→ **AIM OF THE TASK**: Which lines of the records contain "kitchen"? Collect every one of them.

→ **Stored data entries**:

--------------------------------

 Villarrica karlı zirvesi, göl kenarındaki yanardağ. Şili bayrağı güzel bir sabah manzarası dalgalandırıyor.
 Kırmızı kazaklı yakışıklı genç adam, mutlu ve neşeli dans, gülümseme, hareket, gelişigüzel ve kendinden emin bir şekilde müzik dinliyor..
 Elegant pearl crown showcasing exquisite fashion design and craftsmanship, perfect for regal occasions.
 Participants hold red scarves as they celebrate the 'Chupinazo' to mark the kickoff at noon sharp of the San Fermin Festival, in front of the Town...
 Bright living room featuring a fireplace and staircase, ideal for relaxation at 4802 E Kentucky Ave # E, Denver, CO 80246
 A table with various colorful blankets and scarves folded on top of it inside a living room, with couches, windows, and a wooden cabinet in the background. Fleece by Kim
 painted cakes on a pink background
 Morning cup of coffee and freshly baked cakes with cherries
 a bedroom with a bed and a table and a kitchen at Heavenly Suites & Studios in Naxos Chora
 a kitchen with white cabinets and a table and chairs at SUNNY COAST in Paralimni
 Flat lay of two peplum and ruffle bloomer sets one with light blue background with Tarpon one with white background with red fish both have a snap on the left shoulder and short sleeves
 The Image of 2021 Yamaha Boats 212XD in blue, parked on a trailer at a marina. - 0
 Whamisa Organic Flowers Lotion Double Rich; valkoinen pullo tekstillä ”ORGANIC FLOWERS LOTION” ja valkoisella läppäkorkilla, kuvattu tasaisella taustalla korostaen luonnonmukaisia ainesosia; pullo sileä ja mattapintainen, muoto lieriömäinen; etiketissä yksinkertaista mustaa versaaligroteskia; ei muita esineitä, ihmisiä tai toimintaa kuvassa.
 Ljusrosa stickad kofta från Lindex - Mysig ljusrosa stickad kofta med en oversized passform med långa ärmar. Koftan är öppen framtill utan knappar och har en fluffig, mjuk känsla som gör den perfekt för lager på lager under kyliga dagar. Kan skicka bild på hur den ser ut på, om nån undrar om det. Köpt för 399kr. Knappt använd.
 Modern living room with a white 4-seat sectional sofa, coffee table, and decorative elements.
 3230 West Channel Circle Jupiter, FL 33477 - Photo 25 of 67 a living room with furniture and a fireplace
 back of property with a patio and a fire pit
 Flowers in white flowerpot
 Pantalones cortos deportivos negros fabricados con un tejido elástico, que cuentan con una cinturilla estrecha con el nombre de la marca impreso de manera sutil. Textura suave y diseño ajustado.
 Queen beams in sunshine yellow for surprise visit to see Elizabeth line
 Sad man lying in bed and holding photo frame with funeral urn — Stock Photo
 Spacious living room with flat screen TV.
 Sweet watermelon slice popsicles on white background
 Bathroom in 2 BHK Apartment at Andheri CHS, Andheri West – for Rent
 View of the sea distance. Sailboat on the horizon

--------------------------------

→ **RESULT FOR THIS EXERCISE**:
 a bedroom with a bed and a table and a kitchen at Heavenly Suites & Studios in Naxos Chora
 a kitchen with white cabinets and a table and chairs at SUNNY COAST in Paralimni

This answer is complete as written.